I ma trying to prove that if $A$ is an $n\times n$ matrix, then $f:\mathbb{R}^n\to\mathbb{R},\ f(\vec{x})=A\vec{x}\cdot\vec{x}=\vec{x}^T A\vec{x}$ is differentiable and $Df(\vec{a})\vec{h}=A\vec{a}\cdot\vec{h}+A\vec{h}\cdot\vec{a}.$
(NOTE: computation edited according to Snaw's comment below)
Now, since a function $f:\mathbb{R}^n\to\mathbb{R}^m$ is differentiable if $$
\lim\limits_{\vec{h}\to\vec{0}}\frac{\vec{f}(\vec{x}+\vec{h})-\vec{f}(\vec{x})-Df(\vec{a})\vec{h}}{||\vec{h}||}=\vec{0}
$$
we have that $f$ is differentiable at $\vec{a}\in\mathbb{R}^n$ if $$\lim\limits_{\vec{h}\to\vec{0}}\frac{(\vec{a}+\vec{h})^TA(\vec{a}+\vec{h})-\vec{a}^TA\vec{a}-A\vec{a}\cdot\vec{h}-A\vec{h}\cdot\vec{a}}{||\vec{h}||}\\
=\lim\limits_{\vec{h}\to\vec{0}}\frac{\vec{a}^TA\vec{h}+\vec{h}^TA\vec{a}+\vec{h}^TA\vec{h}-\vec{h}^TA\vec{a}-\vec{a}^TA\vec{h}}{||\vec{h}||}=\lim\limits_{\vec{h}\to\vec{0}}\frac{\vec{h}^TA\vec{h}}{||\vec{h}||}
$$
but at this point I am not sure if I can claim that, as $\vec{h}\to\vec{0}$, the limit is $\vec{0}$, since it seems to me that I would encounter an indeterminate form of the type $\vec{0}/0$.

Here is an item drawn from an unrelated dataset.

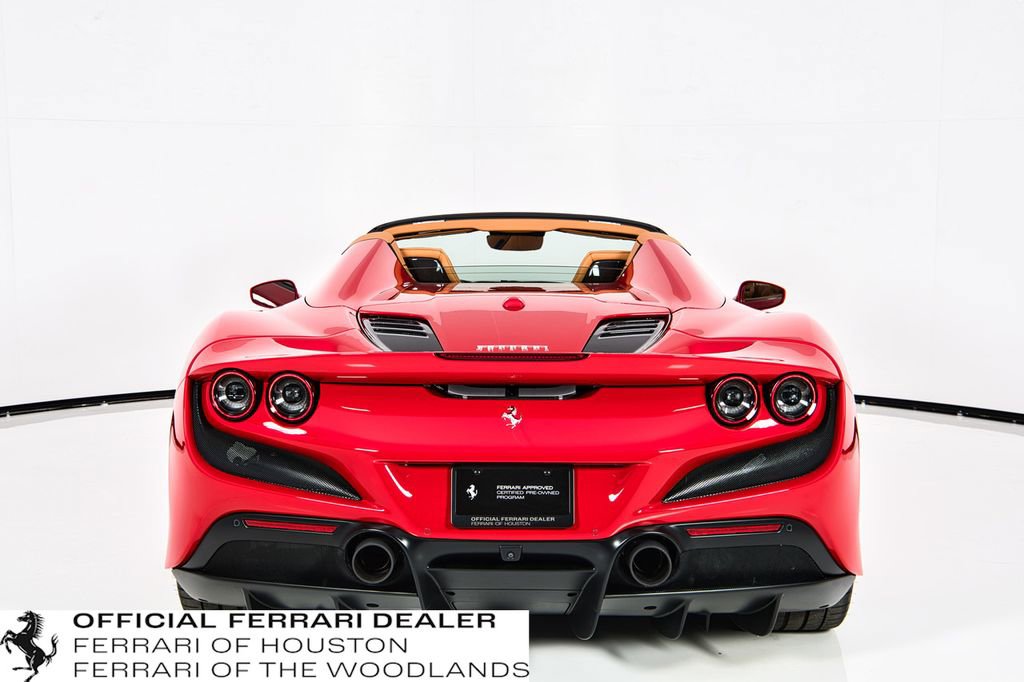 Used 2023 Ferrari F8 Tributo image 11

For example, if $A\in\mathbb{M}_{2\times 2}$ we would have $$\lim\limits_{(h_1,h_2)\to (0,0)}\frac{h_1^2 A_{11}+(A_{12}+A_{21})h_1h_2+h_2^2 A_{22}}{\sqrt{h_1^2+h_2^2}}.$$
How could I justify this claim?
Thanks
Best Answer
The limit $$\lim_{h\to 0} \frac{h^T A h}{||h||}$$ intuitively equals $0$ because in the denominator we roughly have $h$ as a linear term and in the numerator it exists as a quadratic term. For instance, for $A\in \Bbb M _{2\times 2}$ we have as you've noted $$\lim\limits_{(h_1,h_2)\to (0,0)}\frac{h_1^2 A_{11}+(A_{12}+A_{21})h_1h_2+h_2^2 A_{22}}{\sqrt{h_1^2+h_2^2}}$$ and while this is of the indeterminate form $\frac{0}{0}$, the numerator tends to $0$ faster because of the quadratic terms. All of this of course requires justification and is nothing more than intuition so far. To prove this rigorously use the squeeze theorem and the triangle inequality: $$0\leq\left|\frac{h_1^2 A_{11}+(A_{12}+A_{21})h_1h_2+h_2^2 A_{22}}{\sqrt{h_1^2+h_2^2}}\right|\leq \frac{h_1^2 | A_{11}|}{\sqrt{h_1^2+h_2^2}} + \frac{|h_1h_2| | A_{12} + A_{21}|}{\sqrt{h_1^2+h_2^2}} + \frac{h_2^2 | A_{22}|}{\sqrt{h_1^2+h_2^2}}$$ For the first term we get $$0\leq \frac{h_1^2 | A_{11}|}{\sqrt{h_1^2+h_2^2}} \leq \frac{h_1^2 | A_{11}|}{\sqrt{h_1^2}} = \frac{h_1^2 | A_{11}|}{|h_1|} = |h_1|\cdot | A_{11}|\to 0$$ and the same calculation yields that the other two terms tend to $0$ as well.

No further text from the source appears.